Ambientato a Catania, tra Librino e San Berillo, Malarazza è la storia di una giovane madre, Rosaria (Stella Egitto), moglie di un esponente in declino di una nota famiglia mafiosa, Tommasino Malarazza (David Cocco), che sogna per suo figlio adolescente Antonino (Antonino Frasca Spada) un futuro diverso da quello del padre. Ripetutamente maltrattata e umiliata dal marito, Rosaria scappa di casa con suo figlio e si rifugia dal fratello Franco (Paolo Briguglia), travestito dedito alla prostituzione. Ma Tommasino Malarazza non può lasciare impunito l’atto della donna, così chiede alla comunità criminale di ostracizzare sua moglie e di punirne il fratello, legato a sua volta al boss emergente Pietro detto “U Porcu” (Cosimo Cotraro). Si innesca, quindi, una spirale di violenza che avrà conseguenze drammatiche.

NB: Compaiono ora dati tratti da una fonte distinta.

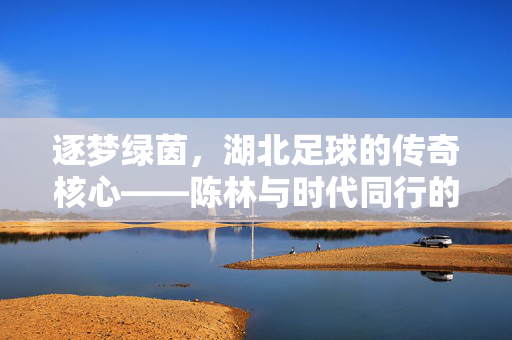 逐梦绿茵，湖北足球的传奇核心——陈林与时代同行的坚守与传承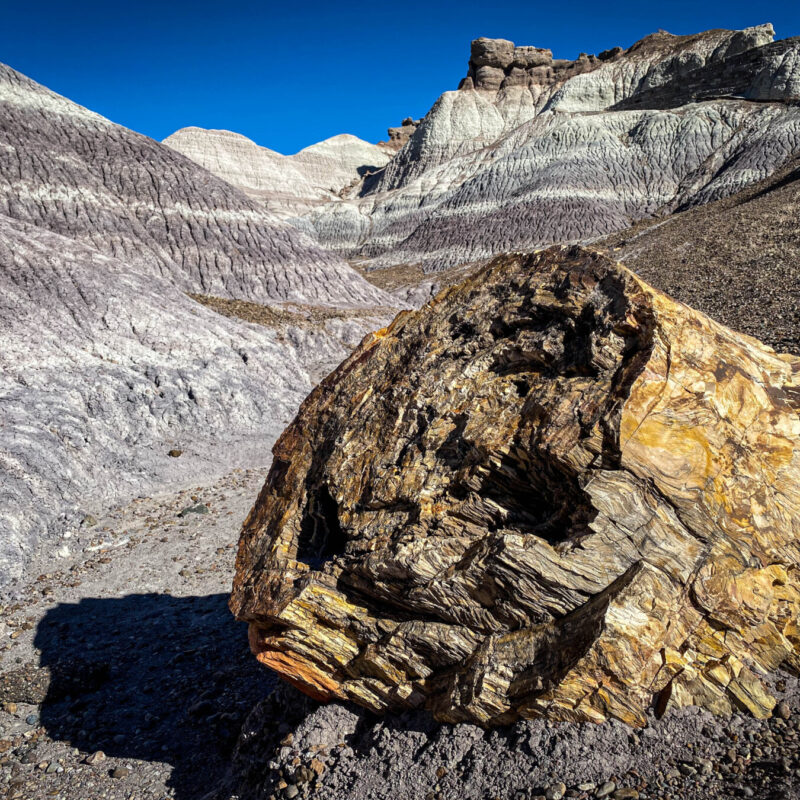 Petrified Logs I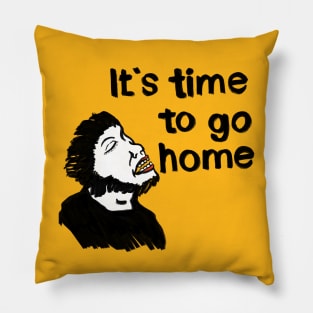 It's time to go home! Pillow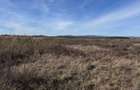 Teren de vanzare in Harman 4,4 Hectare - 12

Malarazza, secondo lungometraggio del regista Giovanni Virgilio, è un viaggio oscuro nel mondo disperato e corrotto delle periferie catanesi.
Un’opera all’insegna del “verismo” (non a caso il titolo richiama I Malavoglia di Verga), come afferma l’autore, che ci sbatte in faccia la crudezza della vita in quegli anonimi agglomerati di casermoni, che costituisce il lato più truce di un Sud maltrattato e piegato.

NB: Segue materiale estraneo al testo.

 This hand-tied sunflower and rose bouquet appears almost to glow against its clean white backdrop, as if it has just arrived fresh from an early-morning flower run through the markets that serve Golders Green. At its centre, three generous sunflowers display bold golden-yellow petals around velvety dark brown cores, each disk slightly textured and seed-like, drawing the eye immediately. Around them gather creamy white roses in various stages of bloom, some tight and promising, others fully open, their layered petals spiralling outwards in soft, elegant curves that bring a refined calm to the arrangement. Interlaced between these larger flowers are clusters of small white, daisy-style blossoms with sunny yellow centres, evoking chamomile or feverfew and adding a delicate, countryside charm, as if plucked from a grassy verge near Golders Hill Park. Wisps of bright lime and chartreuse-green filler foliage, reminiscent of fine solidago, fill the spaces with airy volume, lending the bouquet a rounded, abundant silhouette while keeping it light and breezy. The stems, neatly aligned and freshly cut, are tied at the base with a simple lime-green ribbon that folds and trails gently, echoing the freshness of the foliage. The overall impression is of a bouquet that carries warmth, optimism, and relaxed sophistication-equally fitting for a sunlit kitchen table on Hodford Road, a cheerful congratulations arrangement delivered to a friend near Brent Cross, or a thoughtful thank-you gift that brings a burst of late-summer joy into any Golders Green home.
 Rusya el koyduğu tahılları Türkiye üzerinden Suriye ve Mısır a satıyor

Virgilio non ha paura di metterci di fronte a un’evidenza che è più facile non vedere: ci spinge, quindi, a riflettere e a chiederci il perché, mostrandoci una Catania che vuole svegliarsi e cambiare (personificata da Rosaria), ma che, nonostante gli sforzi, è destinata alla più infausta disillusione.

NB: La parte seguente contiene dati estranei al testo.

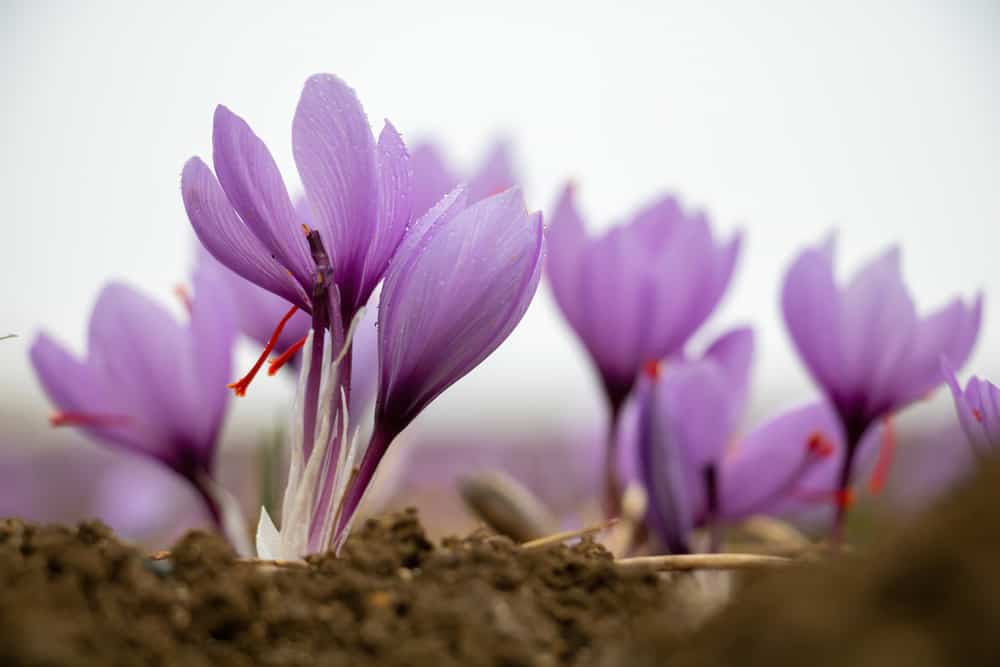 在一个阴天，美丽的淡紫色秋季番红花从寒冷的土壤中探出头来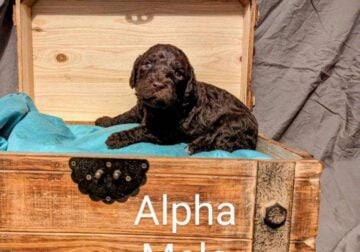 Standard Poodle Named Alpha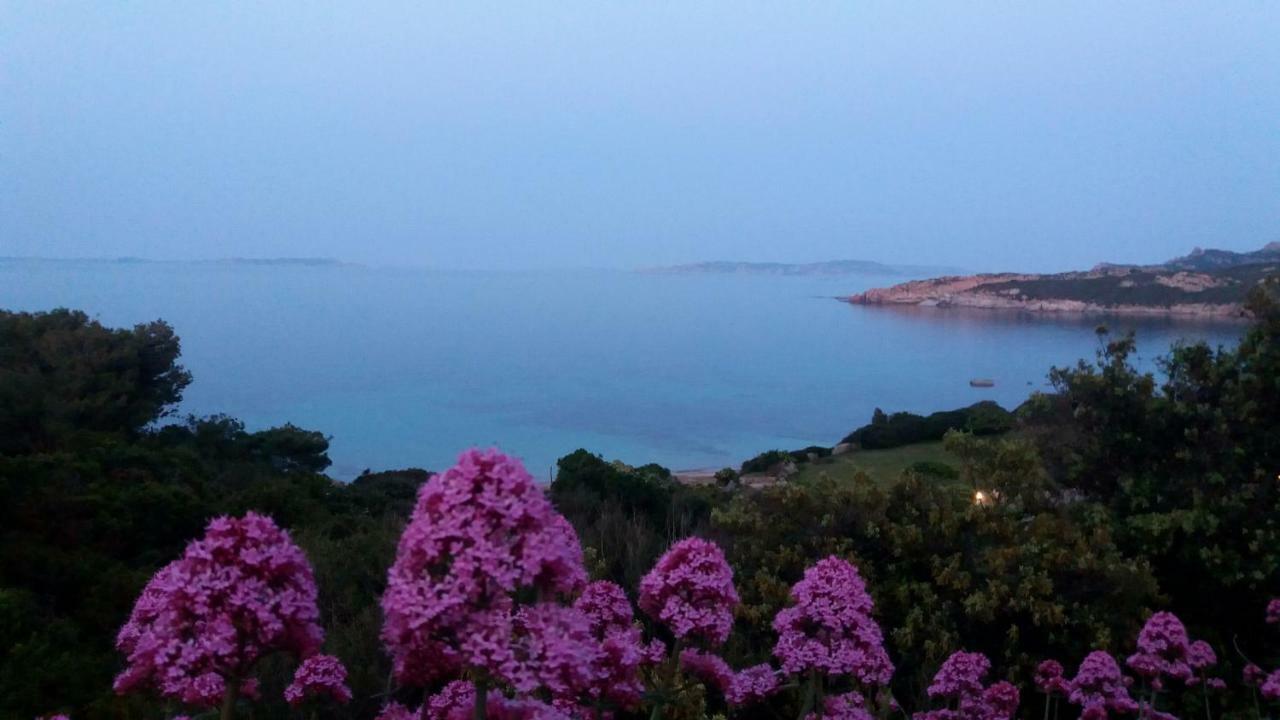 Appartamento Fronte Mare Santa Teresa di Gallura Esterno foto
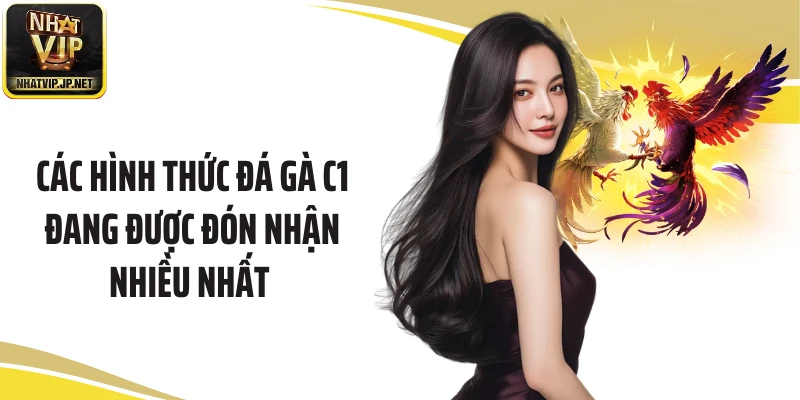 Các hình thức đá gà C1 đang được đón nhận nhiều nhất 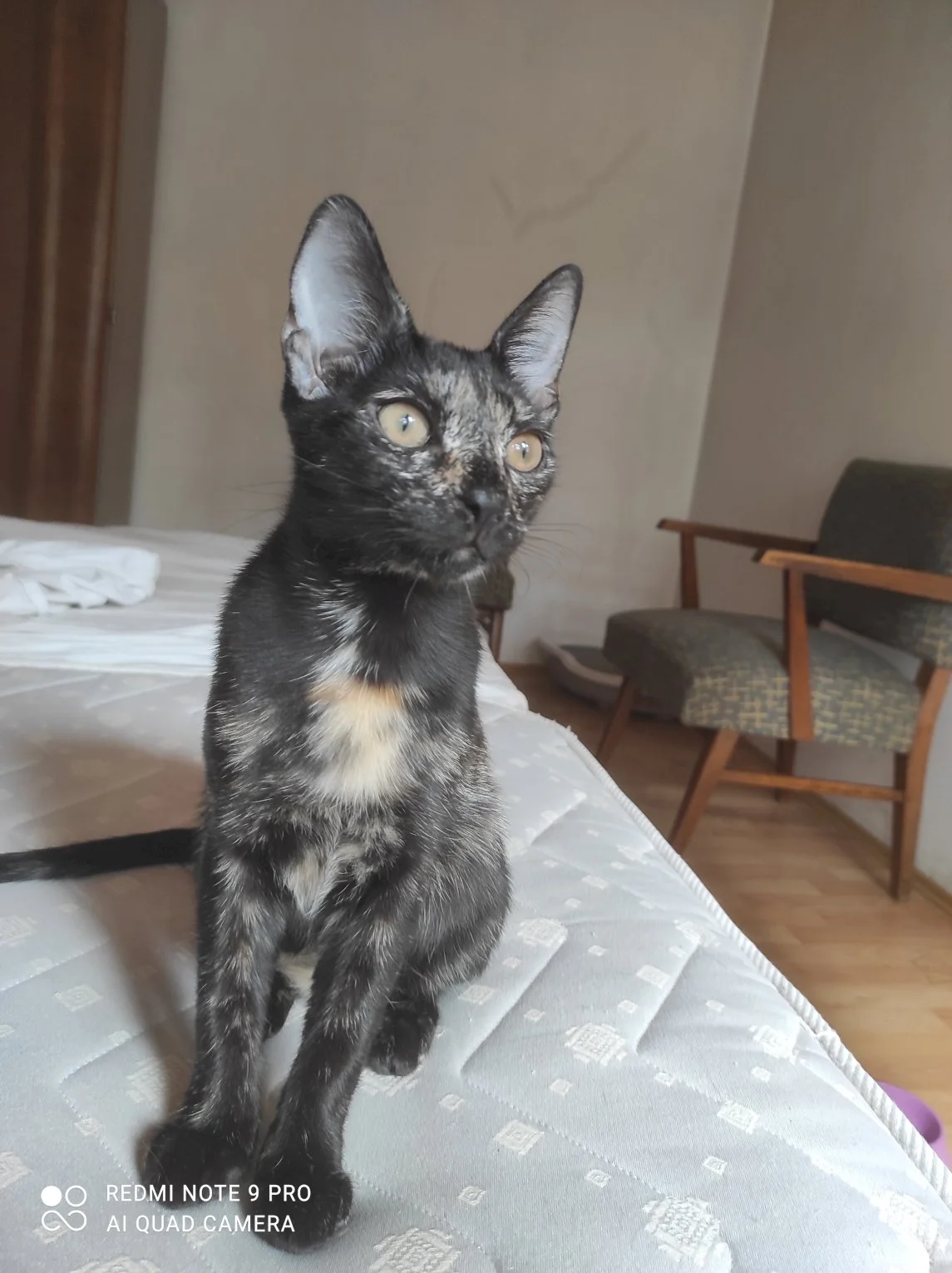 Pegica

I personaggi di Malarazza sono dei vinti abbandonati a se stessi dallo Stato e dalla legge, degli umiliati nelle speranze e nei sentimenti, dati in sorte al crimine e ai suoi rituali, dai quali sono perennemente circondati.
Malarazza diviene quindi la parabola dolente di un’umanità ferita e messa ai margini, a cui dà vigore e credibilità un cast di notevole talento. Stella Egitto porta in scena con grande efficacia il supplizio di una donna e di una madre che, nonostante tutto, ha la forza di lottare per suo figlio, cercando il riscatto da errori del passato e aggrappandosi alla speranza di un possibile cambiamento. Paolo Briguglia interpreta con intensità un ruolo non facile, sfuggendo agli stereotipi; Cosimo Coltraro rende sfaccettato un personaggio fratturato tra apparenza e intimità.
Un ruolo decisivo riveste la composita colonna sonora, composta da Giuliano Fondacaro: si passa infatti dal rap, al neomelodico, alla bossanova. Da segnalare, il pezzo “O pensamento de voc”, cantato da Arisa in portoghese, e “Malarazza” di Domenico Modugno, riscritto da Mirko Miro in versione rap.
Un cinema di denuncia fieramente autoriale e indipendente, da proteggere e promuovere.